__Exercise directions__
Return the line containing "Regatta Blue Dark" together with every later line up to the end of the records, exactly and with no pictures; return nothing else.

__Extracted material__
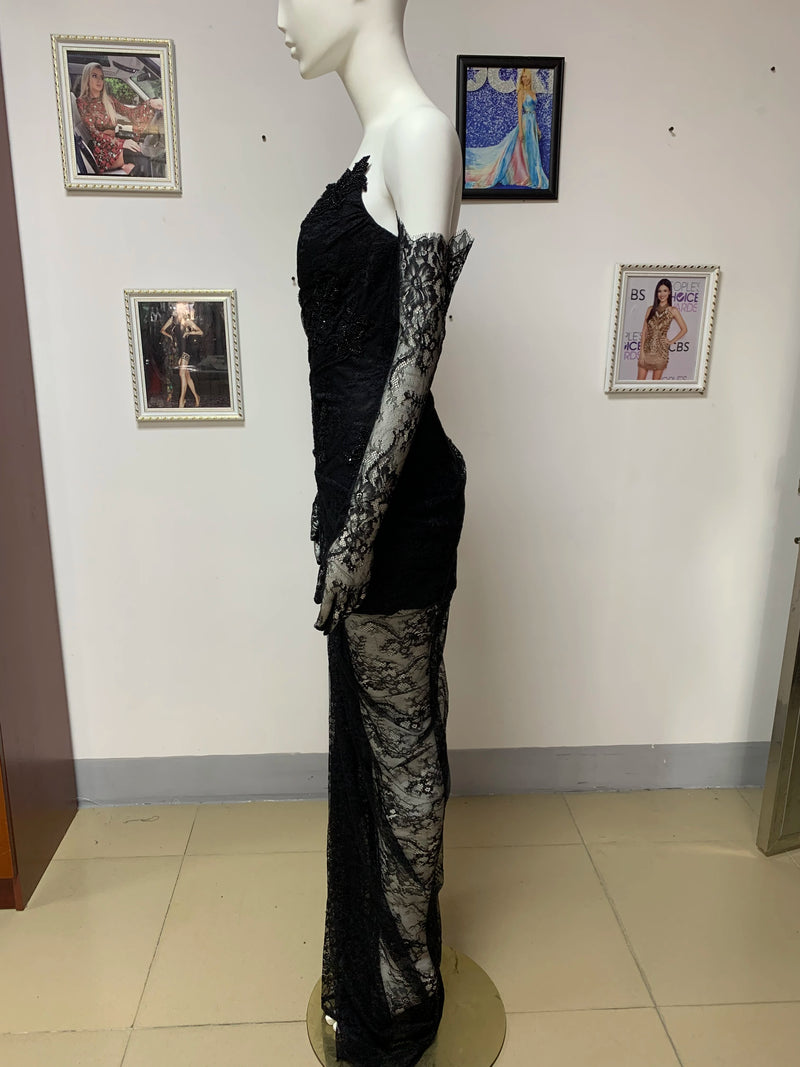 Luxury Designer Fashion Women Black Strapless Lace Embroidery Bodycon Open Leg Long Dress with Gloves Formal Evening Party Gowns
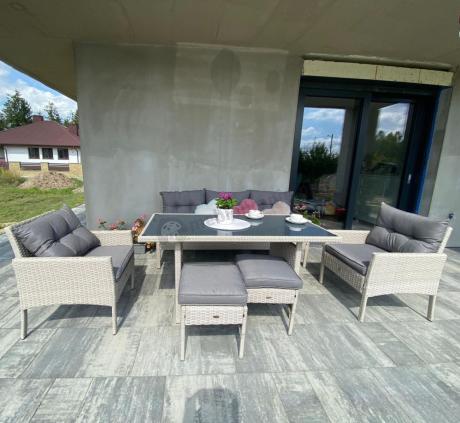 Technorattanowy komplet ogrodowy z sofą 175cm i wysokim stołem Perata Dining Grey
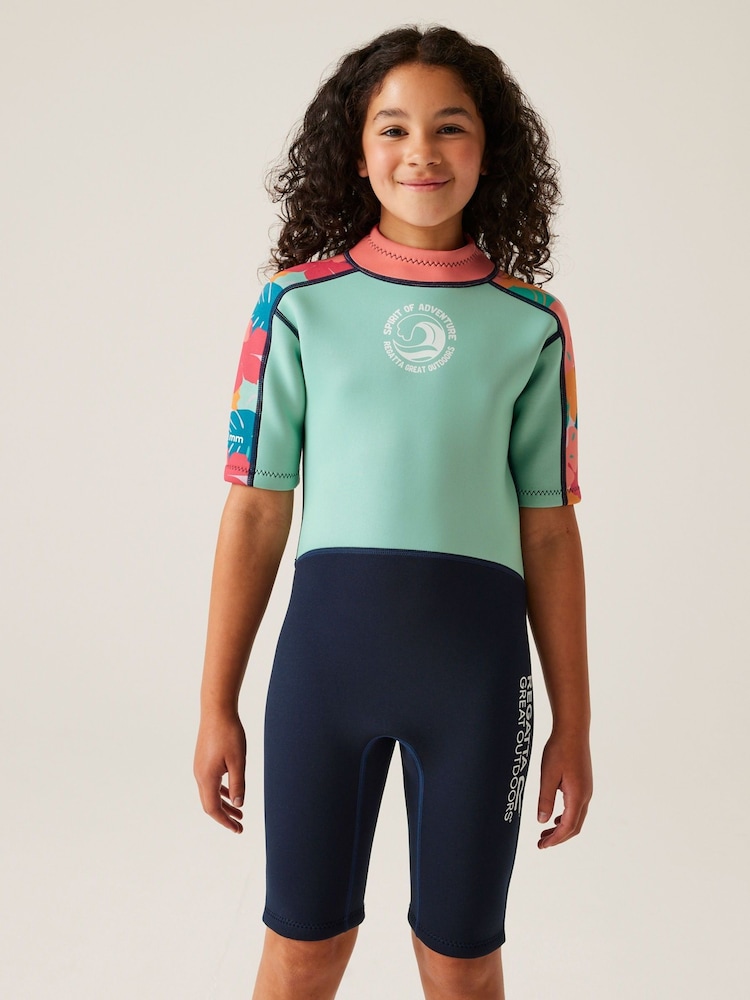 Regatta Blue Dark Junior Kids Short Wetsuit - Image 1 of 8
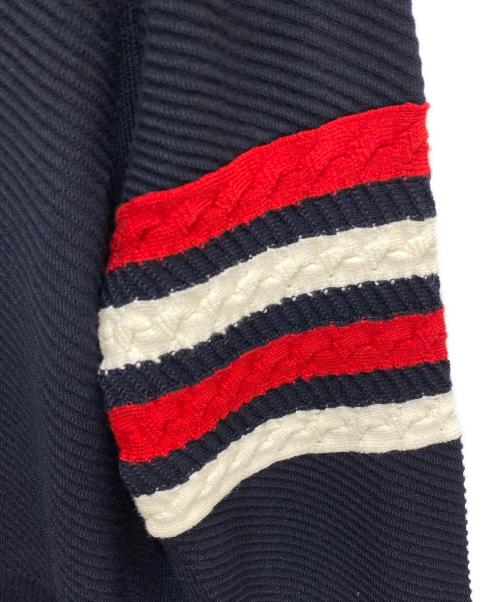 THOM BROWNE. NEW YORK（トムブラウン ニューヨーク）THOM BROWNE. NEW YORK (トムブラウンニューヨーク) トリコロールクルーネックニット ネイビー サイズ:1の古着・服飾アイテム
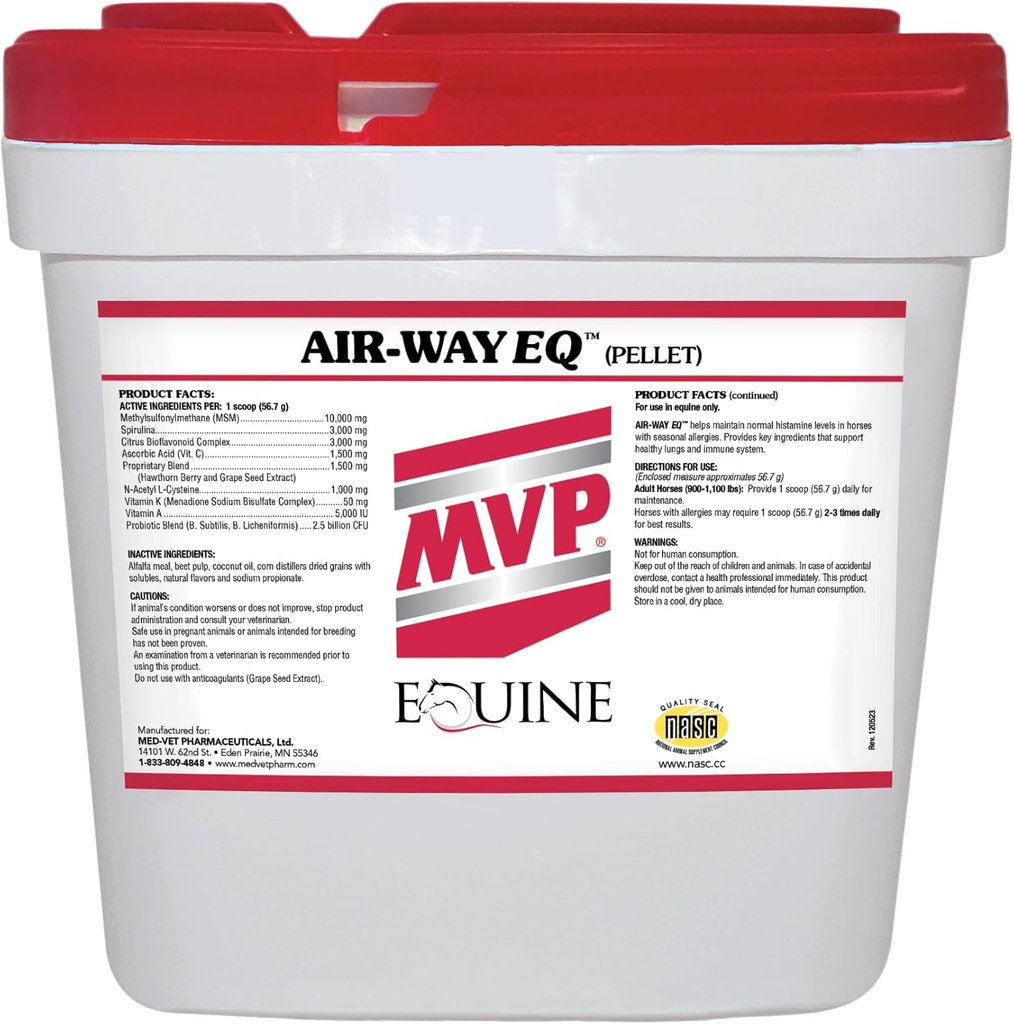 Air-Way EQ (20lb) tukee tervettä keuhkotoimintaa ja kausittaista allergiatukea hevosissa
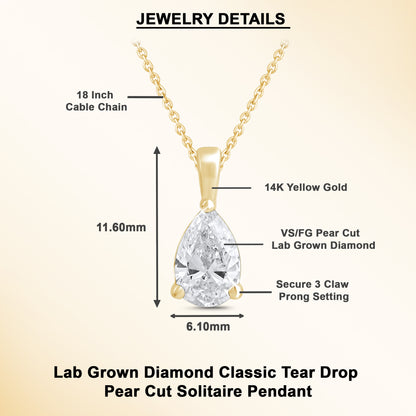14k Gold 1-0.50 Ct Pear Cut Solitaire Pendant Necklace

__Exercise result__
 Regatta Blue Dark Junior Kids Short Wetsuit - Image 1 of 8
 THOM BROWNE. NEW YORK（トムブラウン ニューヨーク）THOM BROWNE. NEW YORK (トムブラウンニューヨーク) トリコロールクルーネックニット ネイビー サイズ:1の古着・服飾アイテム
 Air-Way EQ (20lb) tukee tervettä keuhkotoimintaa ja kausittaista allergiatukea hevosissa
14k Gold 1-0.50 Ct Pear Cut Solitaire Pendant Necklace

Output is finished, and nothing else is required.